Docket: 2004-510(EI)

BETWEEN:

NIAGARA INTERNATIONAL INC.,

Appellant,

and

THE MINISTER OF NATIONAL REVENUE,

Respondent.

Appeal heard on common evidence with the appeal of

Niagara International Inc. (2004-511(CPP))

at Toronto, Ontario, on November 29, 2004

Before: The Honourable Justice G. Sheridan

Appearances:

Agent for the Appellant:

Patrick Smyth

Counsel for the Respondent:

Kandia Aird

JUDGMENT

This appeal is allowed in accordance with the attached Reasons for Judgment and the decision of the Minister of National Revenue is vacated on the basis that Mr. Livingston was performing services at Niagara International Inc. as an independent contractor and was not engaged in insurable employment pursuant to paragraph 5(1)(a) of the Employment Insurance Act for the period March 3, 2000 to June 1, 2001.

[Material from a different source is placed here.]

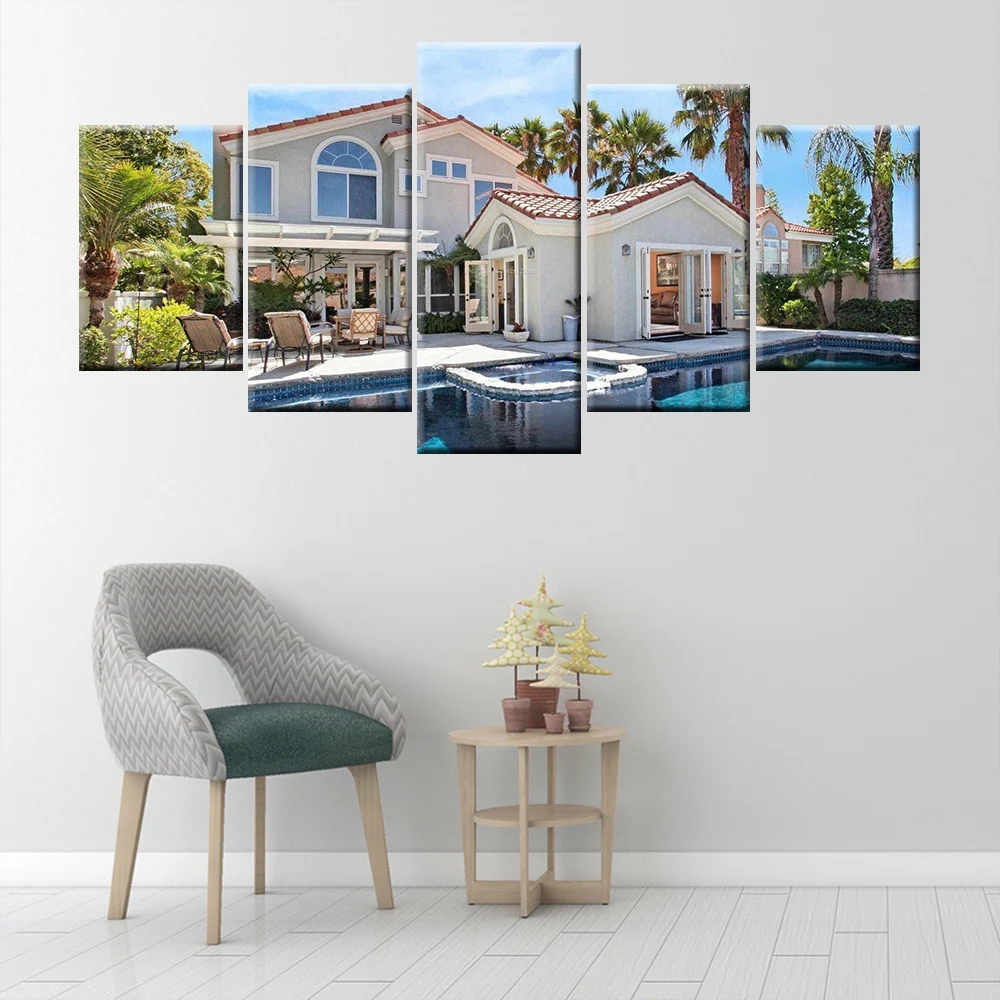 5 шт. HD печати живопись курорт villa house площадью Модульная картина для современные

Signed at Calgary, Alberta, this 24th day of February, 2005.

"G. Sheridan"

Sheridan, J.


Docket: 2004-511(CPP)

BETWEEN:

NIAGARA INTERNATIONAL INC.,

Appellant,

and

THE MINISTER OF NATIONAL REVENUE,

Respondent.

Appeal heard on common evidence with the appeal of

Niagara International Inc. (2004-510(EI))

at Toronto, Ontario, on November 29, 2004

Before: The Honourable Justice G. Sheridan

Appearances:

Agent for the Appellant:

Patrick Smyth

Counsel for the Respondent:

Kandia Aird

JUDGMENT

The appeal is allowed in accordance with the attached Reasons for Judgment and the decision of the Minister of National Revenue is vacated on the basis that Mr. Livingston was performing services at Niagara International Inc. as an independent contractor and was not engaged in pensionable employment within the meaning of paragraph 6(1)(a) of the Canada Pension Plan for the period March 3, 2000 to June 1, 2001.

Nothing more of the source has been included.